Pallet wood is the perfect medium for creating pieces that need to look rustic, mismatched, or weathered. The more unique the piece of wood, the more unique your piece will be!
For this project, I took pallet wood pieces that were too small to be used for other projects. I marked out a slight curved angle at the top and cut them with a jigsaw. I then measured where I wanted the bottoms to be and cut those with a jigsaw also. Using more scraps of pallet wood, I measured two matching squares to form the sides of my planter box and a longer piece that is as wide as my pallet pumpkin to form the front.
With this particular project, it is ok if your measurements aren’t perfect or your boards don’t line up just right. That adds to the charm of a weathered piece!
To brace my planter box while I measured and marked, I used a few more pieces of pallet wood. If you have someone to help you, you can simply have them hold the pieces as you mark.
To secure the front of the planter box to the sides, you need to pre-drill your wood. Using a screw and your drill, drill in the screws until they are just into the wood. Then put your front piece back onto your side pieces (which are still all being braced with your scrap wood) and drill that front piece into the sides. With pallet wood be very careful to not split the wood, as it can often be old and dry.

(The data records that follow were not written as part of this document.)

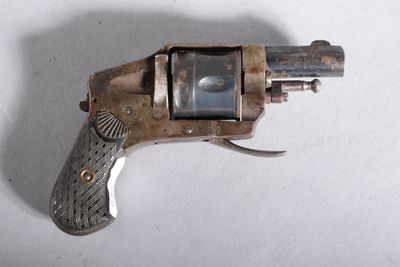 un petit pistolet posé sur une surface blanche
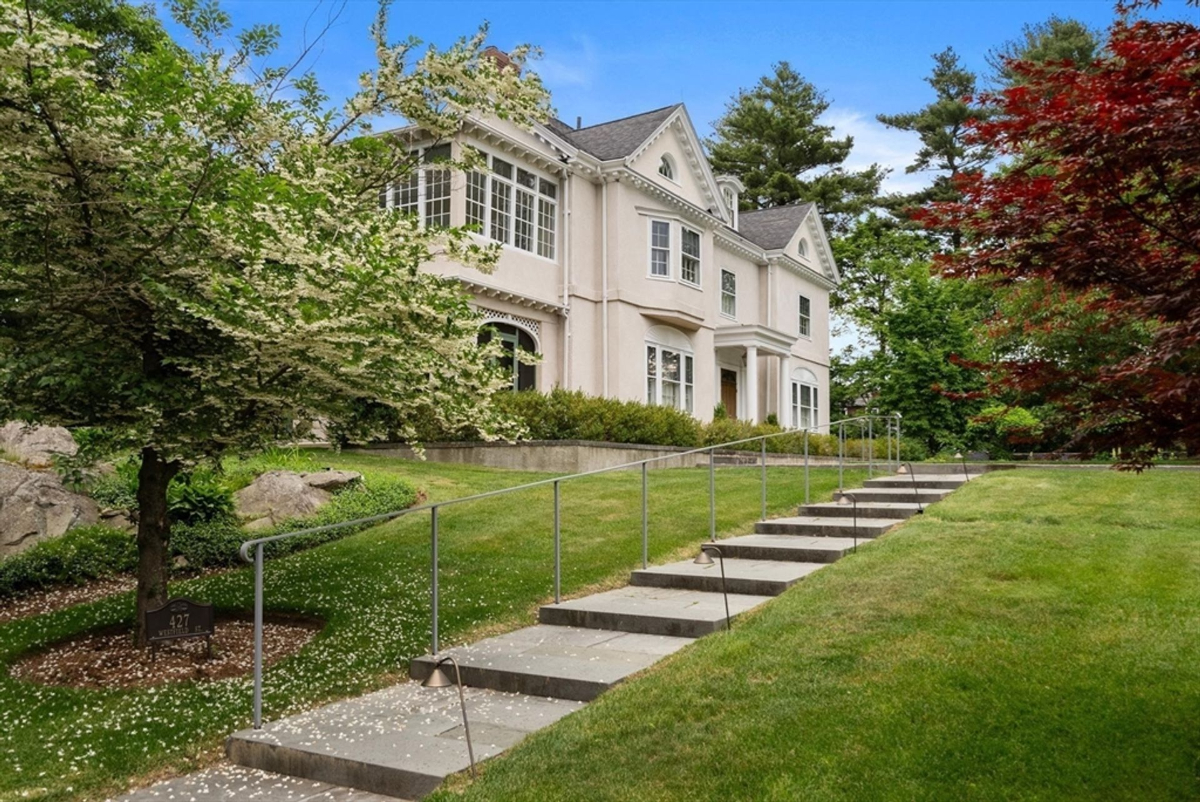 A charming residence stands gracefully atop a sloping lawn, surrounded by blossoming trees and well-manicured greenery.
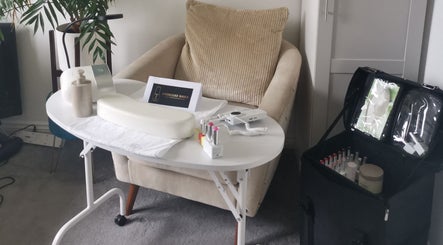 Cozy nail setup at Ever Luxe Nails, Bilston, Scotland, GB, featuring manicure tools and plush seating.
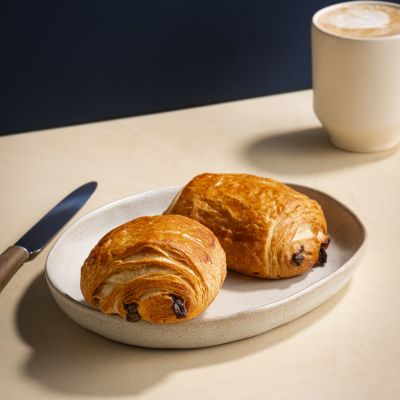 Chocolate croissants with a latte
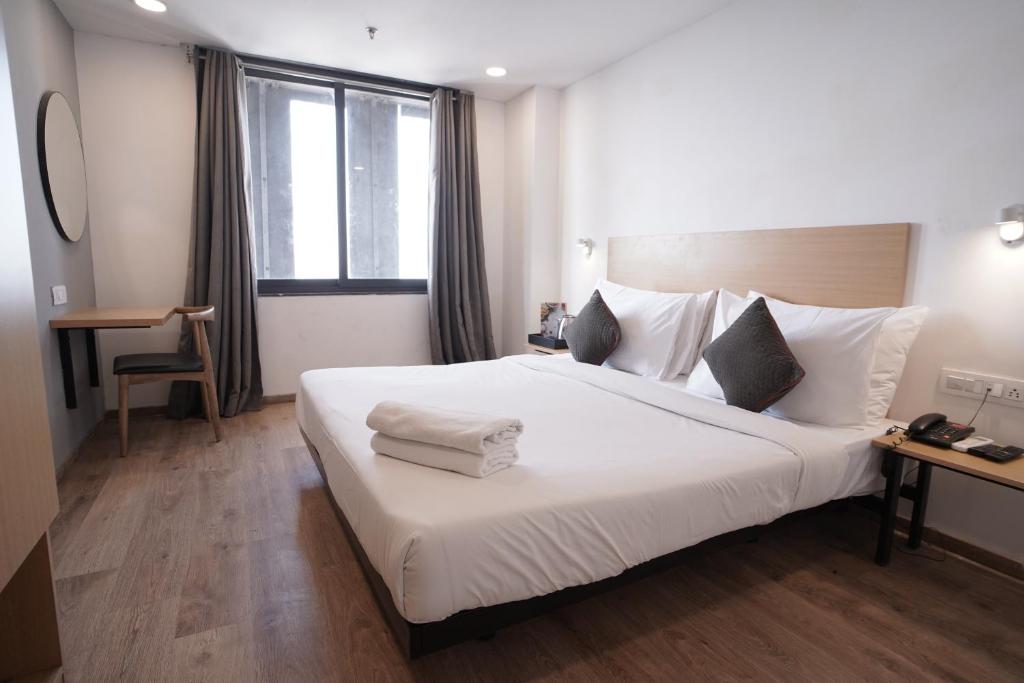 Postel nebo postele na pokoji v ubytování Hotel Sunflare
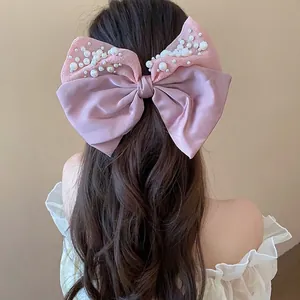 Pink satin bow hair clip with pearls for romantic women's elegant hairstyles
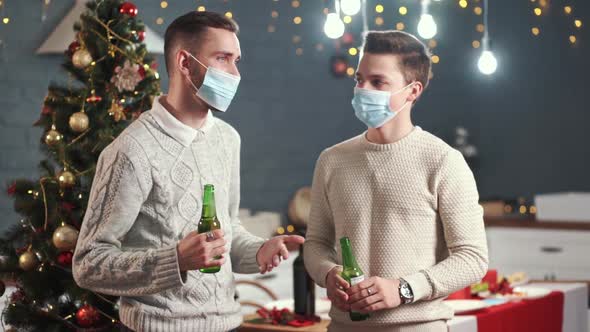 Two Beautiful Young Guys in Medical Masks Celebrate the New Year. A Table and a Christmas Tree Are alt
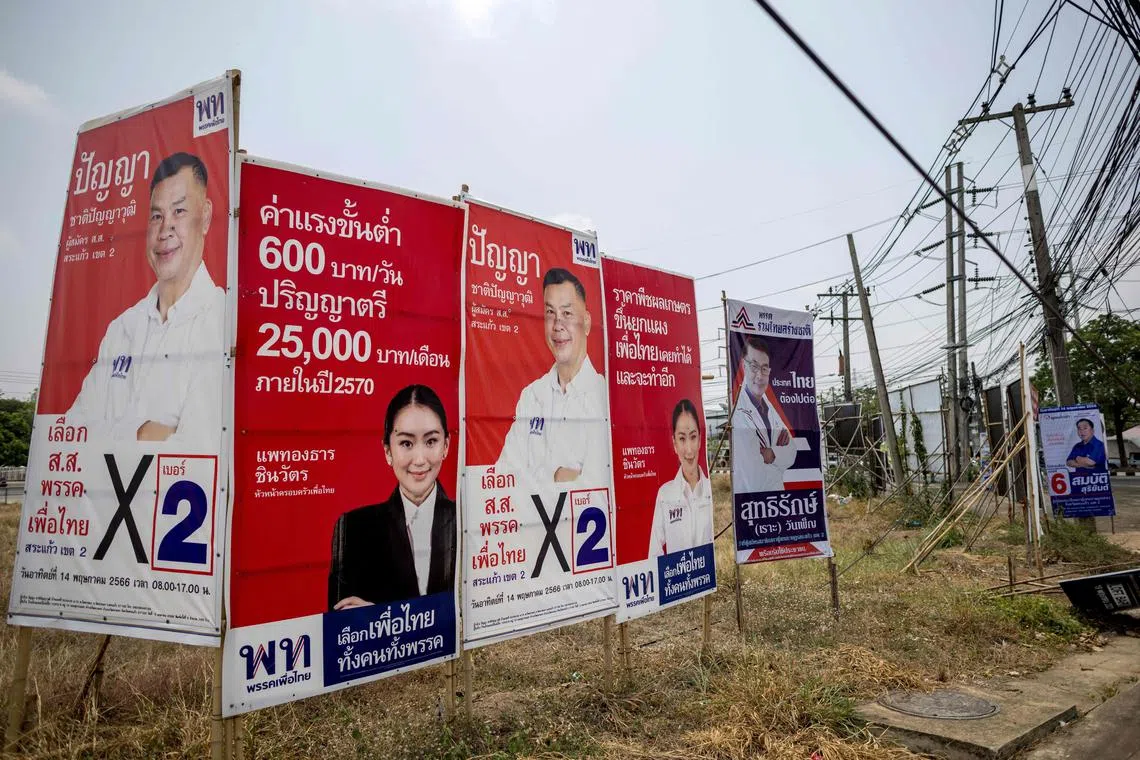 This picture taken on April 22, 2023 shows campaign posters for the upcoming general election in the Thai province of Sa Kaeo. - Politics is a family affair for the Thienthong clan, one of Thailand's most enduring political dynasties, with five members running in next month's general election, for two different parties. (Photo by Jack TAYLOR / AFP) / To go with "Thailand-politics-election-dynasties", FOCUS by Thanaporn PROMYAMYAI and Alexis HONTANG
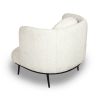 Boucle sand chair with tall full wing back and accent cushion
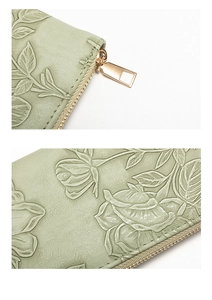Detail of light green floral embossed leather wallet with golden zipper hardware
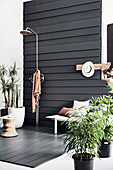 Outdoor shower on terrace with dark wooden planks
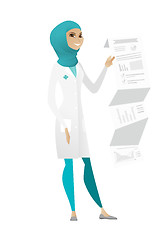 Image showing Doctor in medical gown giving presentation.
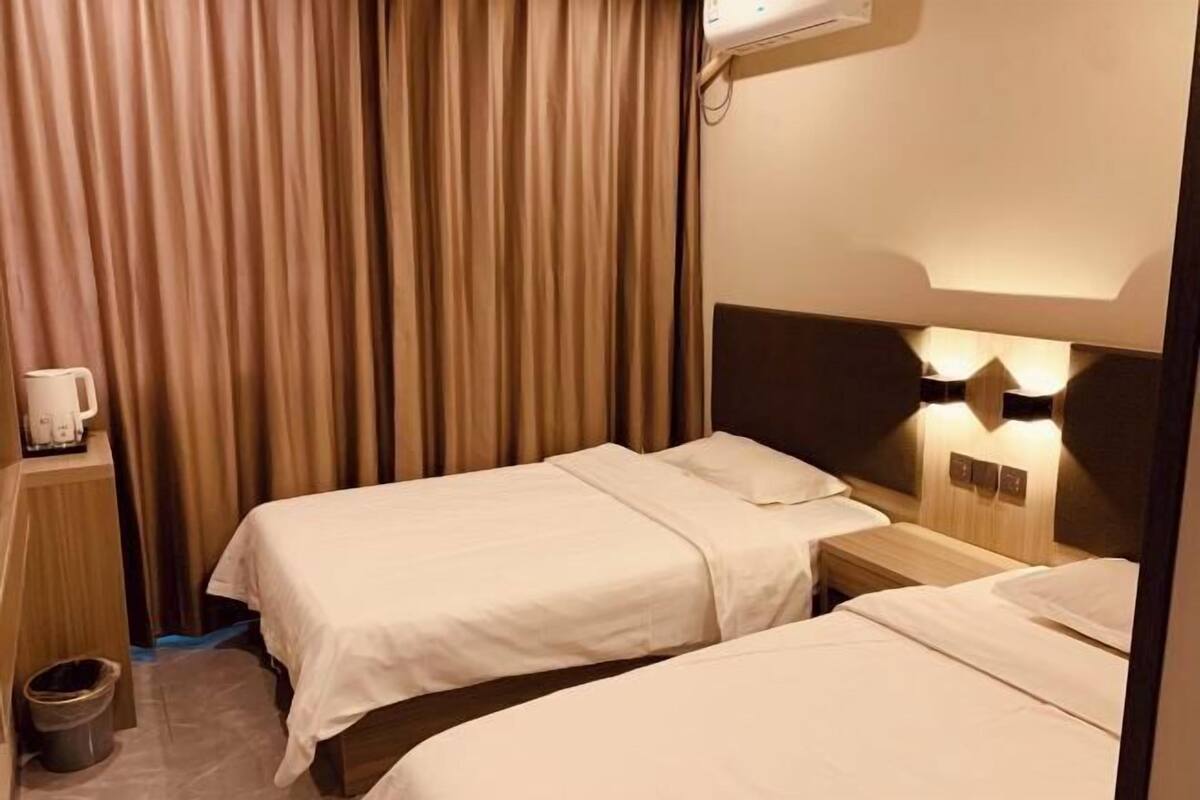 A hotel room with two beds, a bedside table with a lamp, a wall-mounted air conditioner, and a curtain.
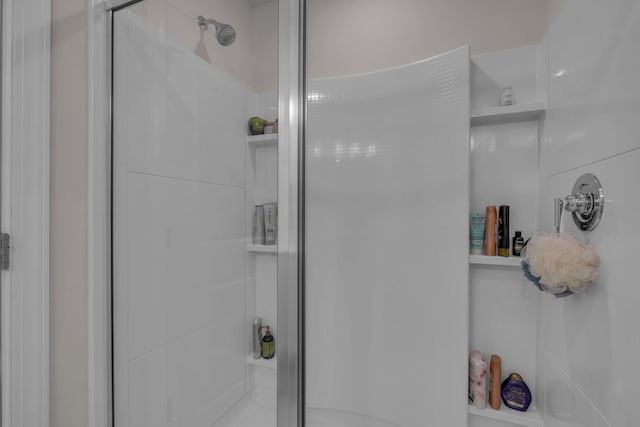 bathroom featuring a shower with door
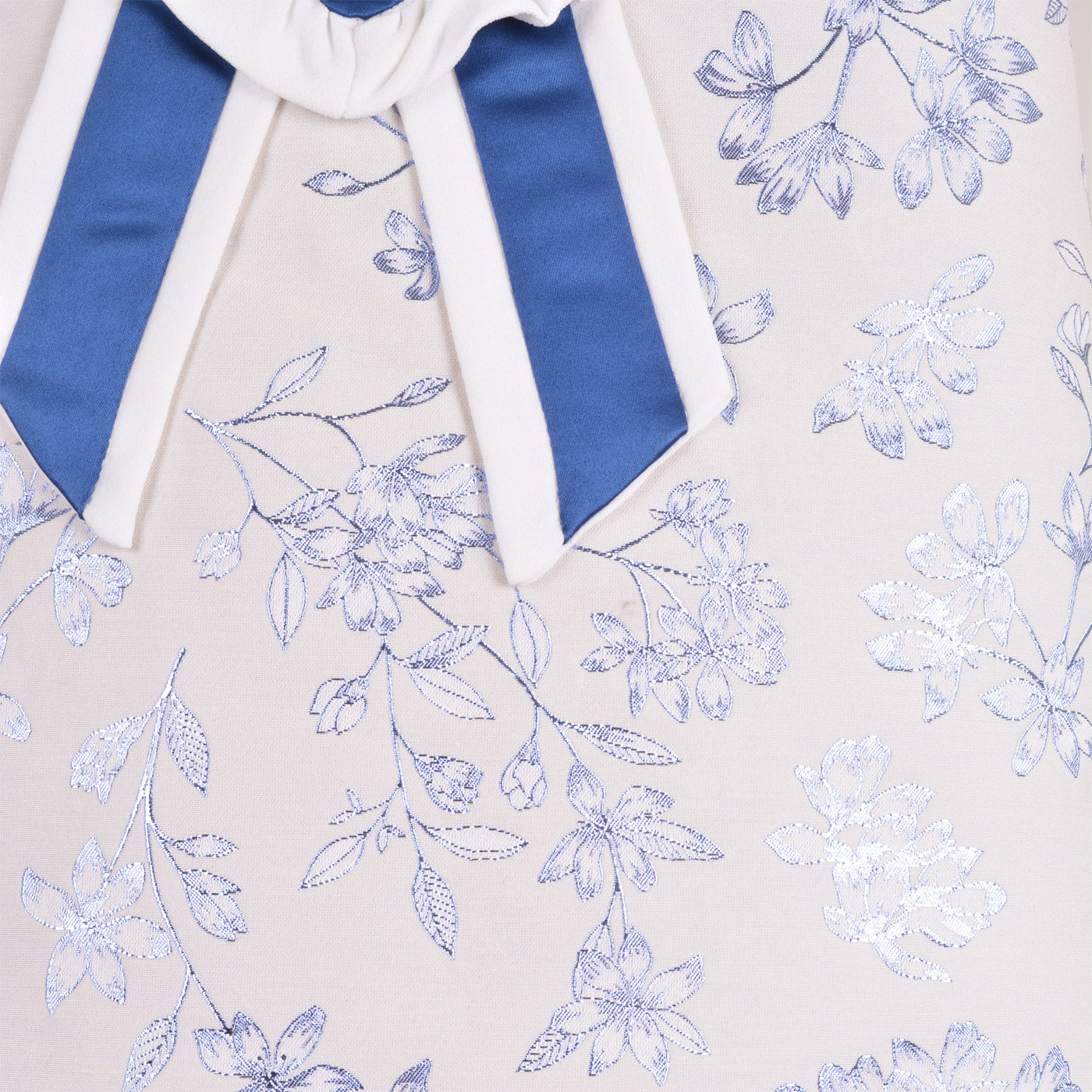 Sleeveless bodice close-up with blue ribbon bow and floral pattern on cream fabric.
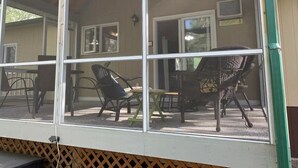 A covered outdoor seating area with a table and chairs, a wooden deck, and a view of a building with a door and windows. - Cabin in Belair Properties (Bélair)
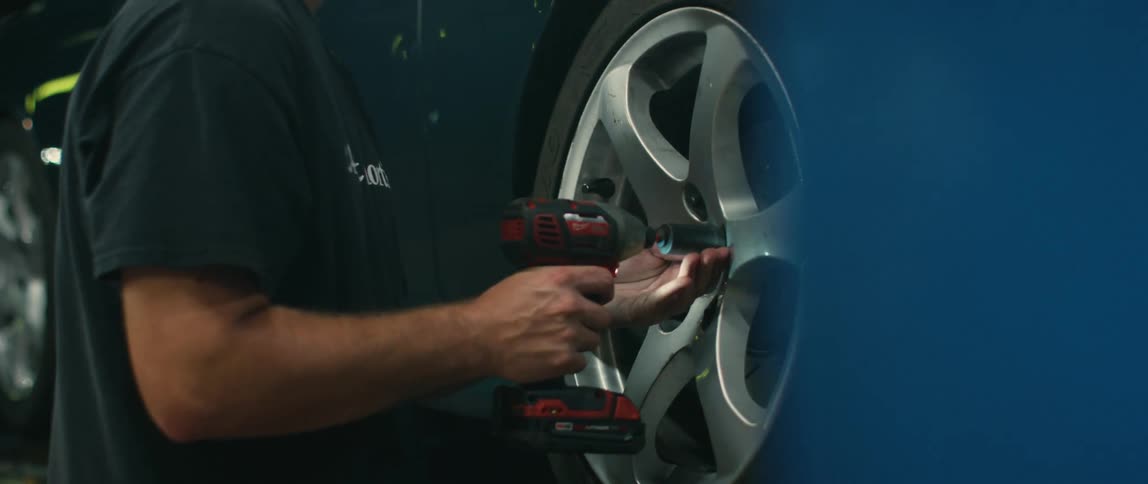 A man removes a tire from the vehicle in the shop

Put your planter box to the side and focus now on your pumpkin itself. Take a piece of scrap wood that is just shorter than the width of your pumpkin. Place it on the backside in the center of your pumpkin.
If pallet wood wasn’t so dry, I would recommend to just screw the support piece to the pumpkin from the backside, but you run the risk of splitting the wood. To decrease this risk, screw the pallet wood planks into the support piece from the front. From here, test to see if your pumpkin is secure. If not, add a second support at the bottom of your pumpkin.
Now you can screw on your planter box. Line it up with your sides and flip the whole thing over so the back of your pumpkin is facing up and the planter is face down on your work space. Screw in the planter box sides very carefully, making sure you don’t split your pumpkin pallet pieces!
Sand down the whole piece, but not too much. You don’t want to lose the unique pallet wood texture but you do want to rid it of any splinters and make your cut edges not look so crisp.
Now that the base of your pumpkin planter is done, it is time to paint! I use homemade chalk paint made from hardware store paint samples and calcium. To get a rustic look, I painted multiple coats of different colors of paint. I used a “drybrush” technique, where I only had a tiny bit of each color of paint on my brush and I used long strokes in different places to give an overall weathered look. To finish, I used a clear wax and a dark wax to set my colors.
To make the pumpkin stem I used a small piece of scrap wood that was already painted green! I added a little bit of dark wax and screwed it into the front of my pumpkin. This pumpkin planter isn’t designed to hold dirt and plant. (it doesn’t even have a bottom!) But you can use it to hold potted plants or small potted succulents!